## GOAL OF THE EXERCISE
Only the lines from the one containing "adidas own the" to the end of the material are to be copied, exactly and in full; images stay out.

==== RECORDS SUPPLIED ====

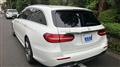 2019 Mercedes-Benz E-Class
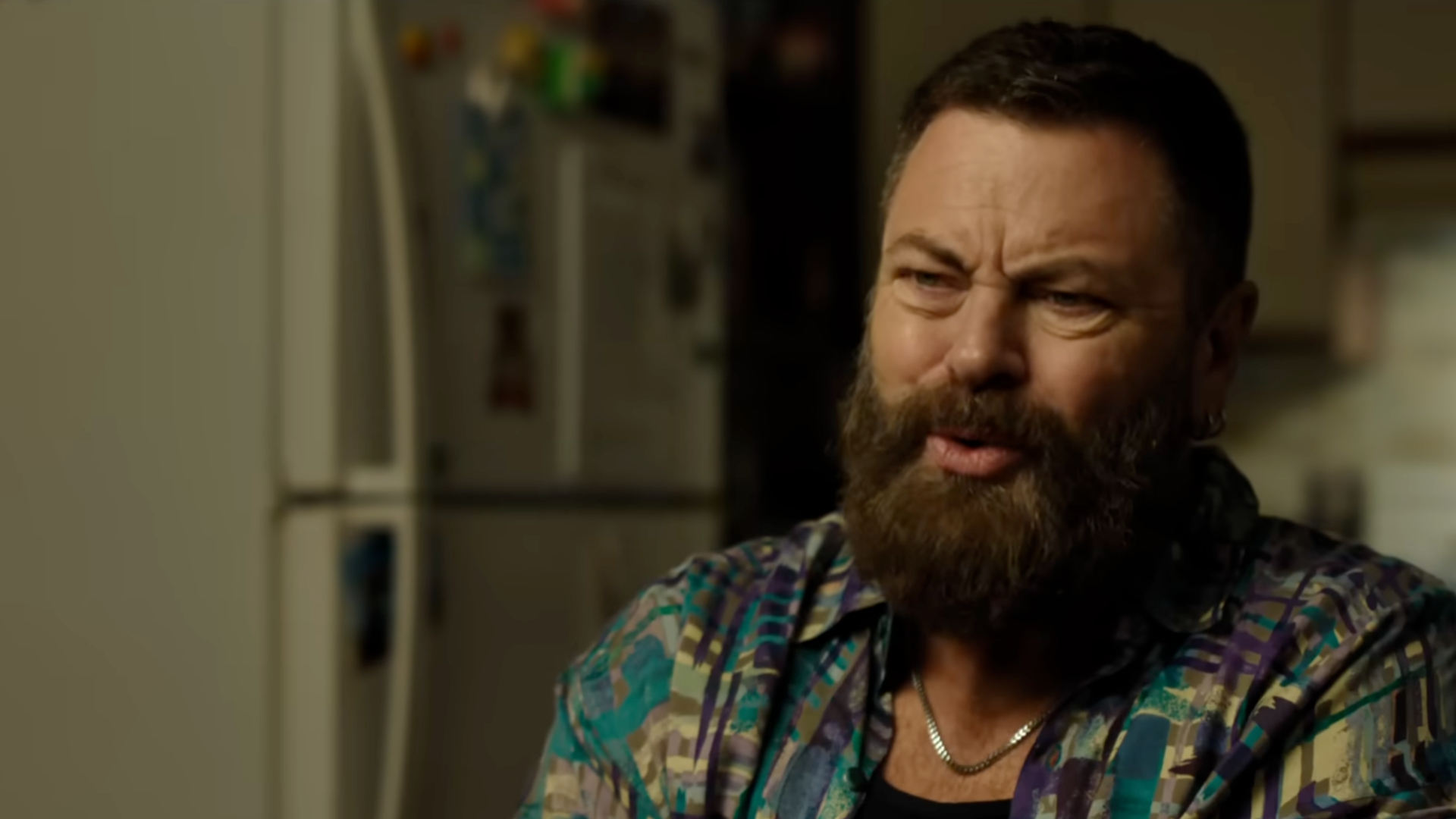 Margo's Got Money Troubles on Apple TV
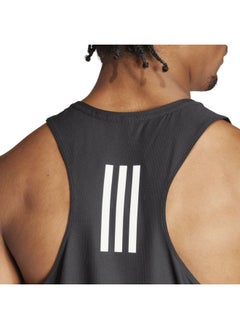 adidas own the run men tank top - pzsku/Z1D4220EF4B3FE8AB3DE9Z/45/_/1738337121/54aea158-4196-442a-8bbc-5569672e5ba3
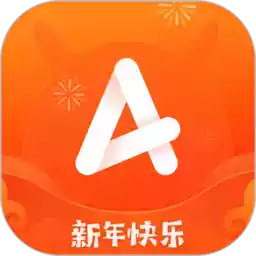 好分数家长版app查分数入口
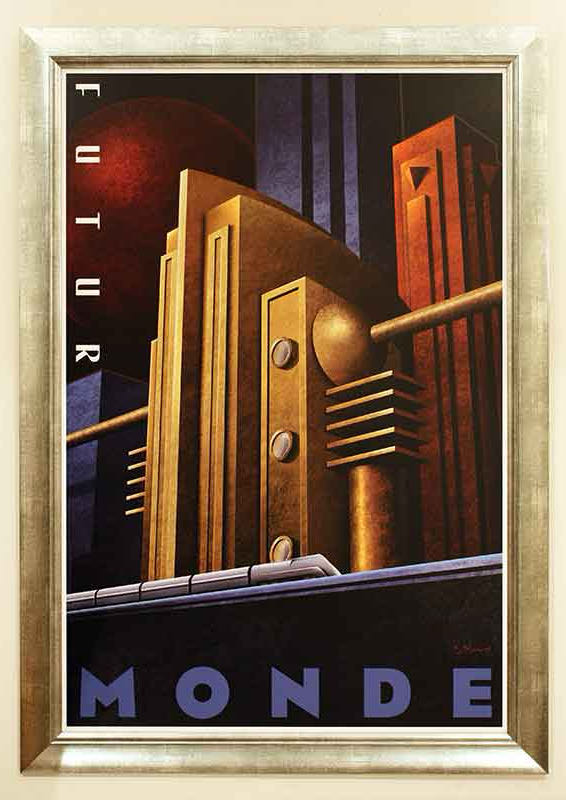 Trapinch Pokémon Stapler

====

## RESULT BELOW
 adidas own the run men tank top - pzsku/Z1D4220EF4B3FE8AB3DE9Z/45/_/1738337121/54aea158-4196-442a-8bbc-5569672e5ba3
 好分数家长版app查分数入口
 Trapinch Pokémon Stapler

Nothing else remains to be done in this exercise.